# New local in Philly package soon



## Guest (Jan 14, 2003)

Well I've been in conversation with WBPH TV 60 and they said, they have good signal strength at DirecTV. DirecTV's POP is at 2400 Market Street in Philadelphia. WBPH just needs a filter to improve the PQ, but they should be on DirecTV 60 days (or earlier) after they get a good signal.

Here is WBPH schedule:

Click here

DirecTV customers in Philly should soon (within couple months) get a new station, that carries FamilyNet and Praise TV programming. PAX 61 also carries Praise at night.

There is another full power station WTVE 51 in Reading, but they dont seem very focused on the must-carry onto DirecTV at this moment. The engineer at that station indicated its in eventual plan but made no indication of upcoming carriage.

My question: WTVE 51 is currently carried in Comcast in Cumberland and Atlantic County. That includes Atlantic City, a good 100 miles away from Reading,PA. However WTVE does not have carriage on Comcast in Camden or Burlington Counties (closer-only 50 miles away), or on Dish Network (POP in Pennsauken - Camden Co.) or DirecTV in Philly.

I do know in Atlantic and Cumberland Counties, the cable system was originally Suburban Cable. While Comcast refused carrying WTVE that far away, Suburban agreed to its carriage. But this was along time ago and when WTVE had different programming format.

How much does WTVE 51 pay to keep their signal that far out in the Atlantic County area? I cant imagine WTVE 51 still benefiting from getting cable carriage that far when they just run Shop At Home. Shop At Home must be compensating these stations very well to stay on the air!! WPSJ a Hammonton low power station, and WWAC also air Shop At Home. And Dish and DirecTV customers of course have access to the national feed.

When Comcast acquired Suburban Cable, are they obligated to still carry WTVE? I do know its the same DMA (Philadelphia), but WTVE is 100 miles away from Atlantic County and Atlantic City, doesnt send a Grade B, and offers no local programming to that county. It seems odd to me that WTVE has carriage further away the Jersey Shore but still lacks carriage closer to philly(in Camden/Burlington Counties and by both DBS providers POPs), which are only 50 miles from Reading.

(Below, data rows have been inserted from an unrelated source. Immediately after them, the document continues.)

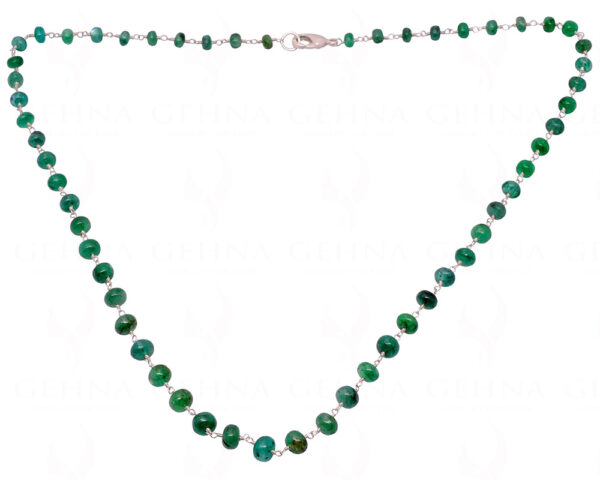 22" Inches Emerald Gemstone Chain Knotted In Sterling Silver CP-1055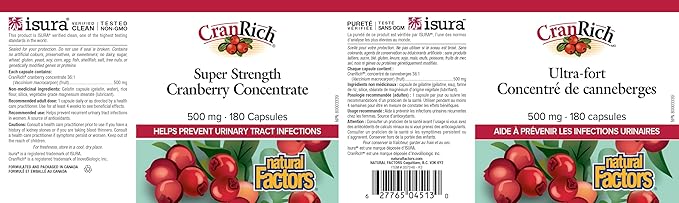 Natural Factors CranRich Cranberry Concentrate 500 mg 180 Capsules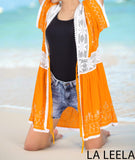 1 x Brand New LA LEELA Women s Beach Kimono Cover Up Summer Ruffle Casual Mandarin, Solid L-XL - RRP €24.0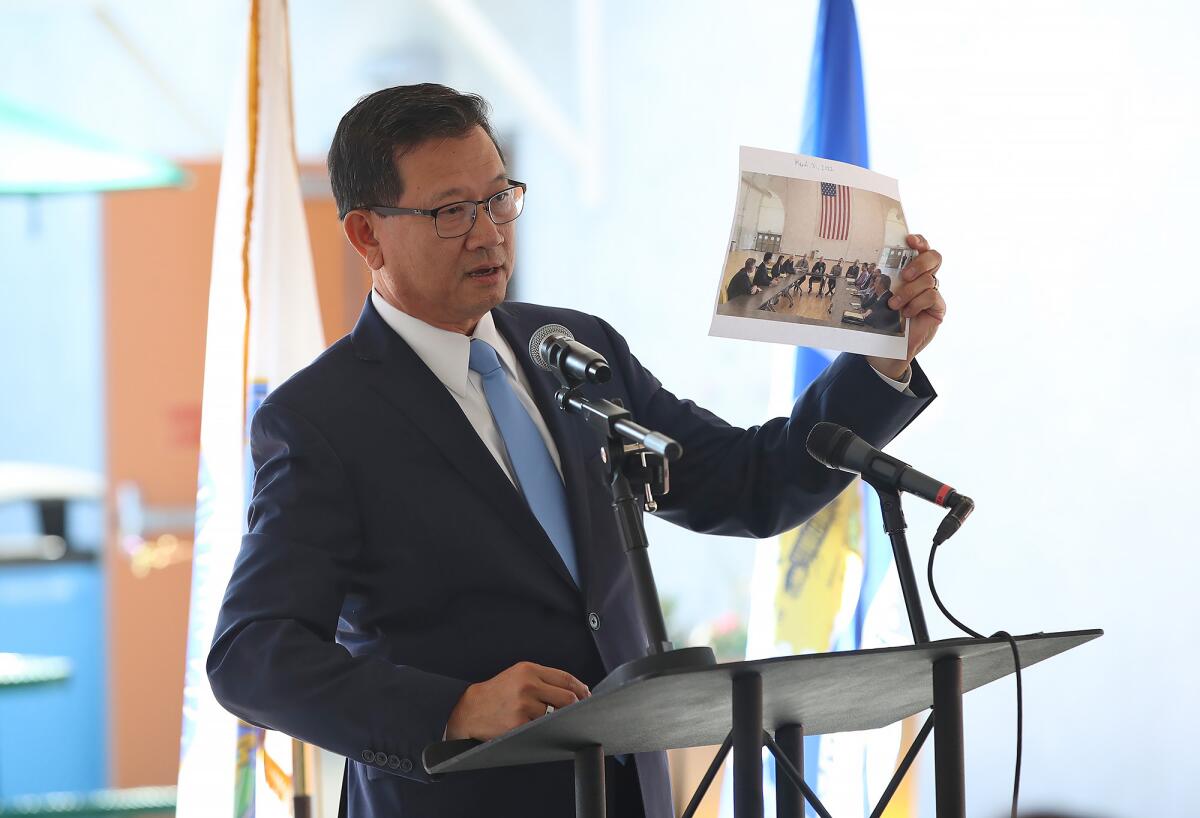 Orange County Supervisor Andrew Do speaks at the ribbon-cutting for the Central Cities Navigation Center in Garden Grove.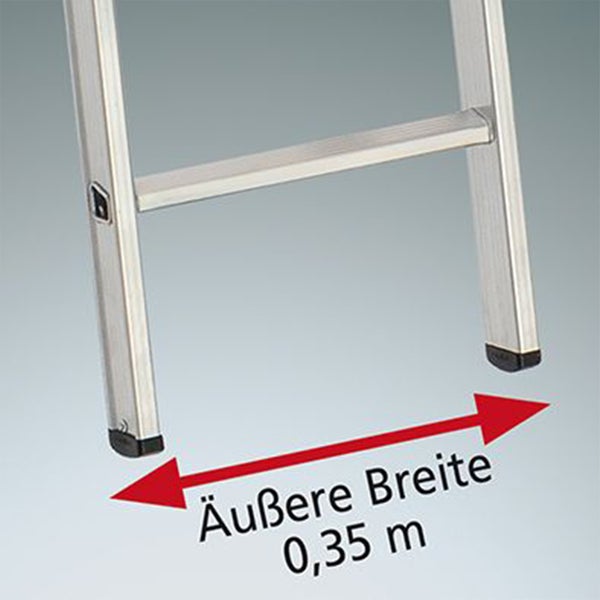 Detailansicht einer Aluminiumleiter mit Maßpfeil zur Verdeutlichung der äußeren Breite von 0,35 Meter.
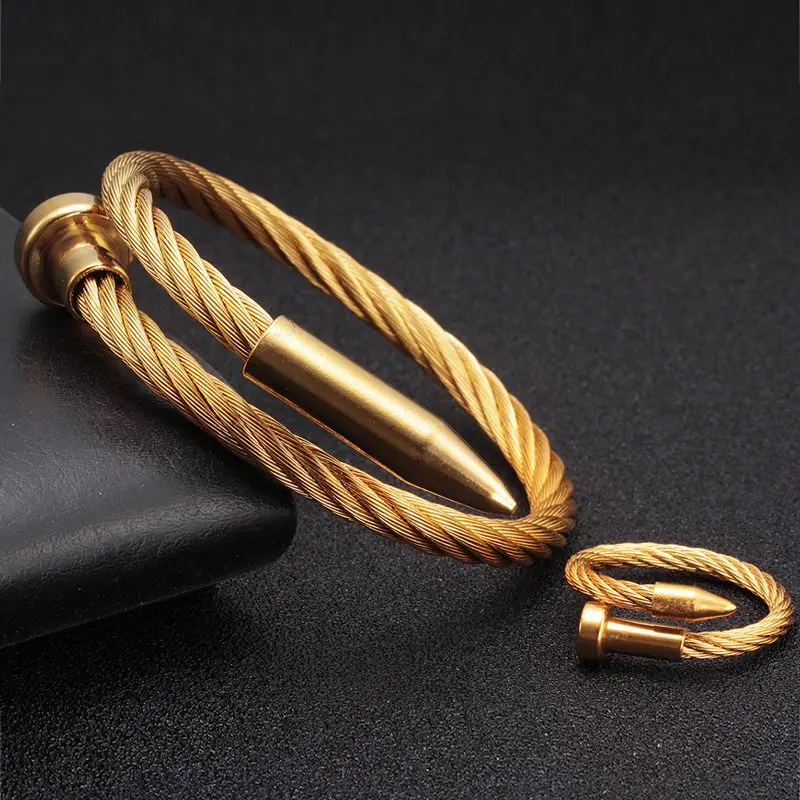 Luxury Braided Open Cuff Men Women Sporty Bangles Classic Stainless Steel Chain Link Fashion Bracelets Jewelry Gift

How much does Shop At Home and Family Net pay these stations to stay on the air? If these stations need to stay profitable, and airing B&W cinemas, reruns, movies, and newscasts arent working how is SAH working?

Another interesting news:

A low power station in Wichita,TX adds news:
http://www.kansas.com/mld/kansas/entertainment/4920537.htm

How do some stations afford this(or get advertisers to support this), when they are low power and dont even have cable carriage but full power commercial stations that have cable & DBS carriage cant afford to do news to their city of license? I can only wonder how many people are buying products from Shop At Home in my area! for a station to choose Shop At Home and its compensation.


----------



## Guest (Jan 14, 2003)

WBPH 60 has also been showing some Lafayette University sports. They had 9 football games on this past season and have 11 basketball games scheduled for the current season.


----------



## Guest (Jan 14, 2003)

I thought so!!

I saw this one night on my pocket television but I checked yahoo listings for WBPH and it didnt show. I get WLVT 39, WBPH 60 and WFMZ 69 usually at night and regularly with my outdoor antenna. WTVE 51 is little harder to get.


----------



## Guest (Jan 14, 2003)

Here is Lafayette's Mens Basketball Schedule

http://goleopards.ocsn.com/sports/m-baskbl/sched/lafa-m-baskbl-sched.html


----------